British parliamentarian Theresa Villiers said that the UK needs to consider travel bans and asset freezes on Sri Lankan officials that may be implicated in war crimes, as she travelled to the UN Human Rights council to discuss accountability for mass atrocities this week.
Despite global concerns regarding the coronavirus outbreak, Villiers said she travelled to Geneva because she has “British Tamil constituents who wanted me to go to the UN session to talk to the national delegations there about the importance of human rights in Sri Lanka”.
“It is deeply worrying that no progress has been made on accountability for war crimes and the Government of Mr Rajapaksa is now trying to withdraw from resolution 30/1 altogether,” she said in a Facebook post on Saturday. "The longer the period before investigations take place, the more difficult it is to mount successful prosecutions. So eleven years on from the civil war, it is increasingly urgent that there is an effective process in place to secure justice for the Tamils living in the north and east of Sri Lanka.”
Aside from calling on the member states to ensure Sri Lanka abides by a UN resolution, Villiers says she “appealed to them to consider further action too”.
“The resolution was initially agreed after David Cameron had made the case for an international investigation into crimes committed during the civil war,” she said. “If 30/1 is not delivering progress, then the international community needs to go back and reconsider what kind of international process might be needed to collect the evidence needed to secure accountability and justice.”
Her comments come in the wake of the British government announcing it was due to bring in the "Magnitsky Act" into force soon, which would give the UK power to impose travel restrictions and asset freezes on individuals believed to have committed war crimes.
“Similar provisions in the US were recently used to issue a travel ban against senior military figure, Shavendra Silva,” said Villiers. “Mr Silva was in charge of the 58th Division which encircled the final stronghold of the rebels in the last stages of the civil war that saw at least 100,000 people killed.

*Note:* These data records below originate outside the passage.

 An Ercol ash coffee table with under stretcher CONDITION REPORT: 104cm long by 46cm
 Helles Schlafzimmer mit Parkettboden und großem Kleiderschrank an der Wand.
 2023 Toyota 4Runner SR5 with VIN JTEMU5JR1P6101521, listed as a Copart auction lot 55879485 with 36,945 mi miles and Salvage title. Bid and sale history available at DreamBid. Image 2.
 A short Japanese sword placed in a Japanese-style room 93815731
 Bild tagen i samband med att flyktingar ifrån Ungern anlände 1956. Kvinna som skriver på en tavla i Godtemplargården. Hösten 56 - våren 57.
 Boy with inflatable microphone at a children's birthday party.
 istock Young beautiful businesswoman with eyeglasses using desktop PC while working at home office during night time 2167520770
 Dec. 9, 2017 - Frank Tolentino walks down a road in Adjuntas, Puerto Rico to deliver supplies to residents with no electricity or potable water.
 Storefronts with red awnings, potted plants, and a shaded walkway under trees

Secretary of State, Mike Pompeo, said in a statement that 'the allegations of gross human rights violations against Shavendra Silva, documented by the United Nations and other organizations, are serious and credible'."
“These allegations are denied by Mr Silva but their seriousness means that the UK Government needs to consider whether it should start to issue travel bans and asset freezes against figures within the Sri Lankan establishment where there are is evidence they are responsible for war crimes.”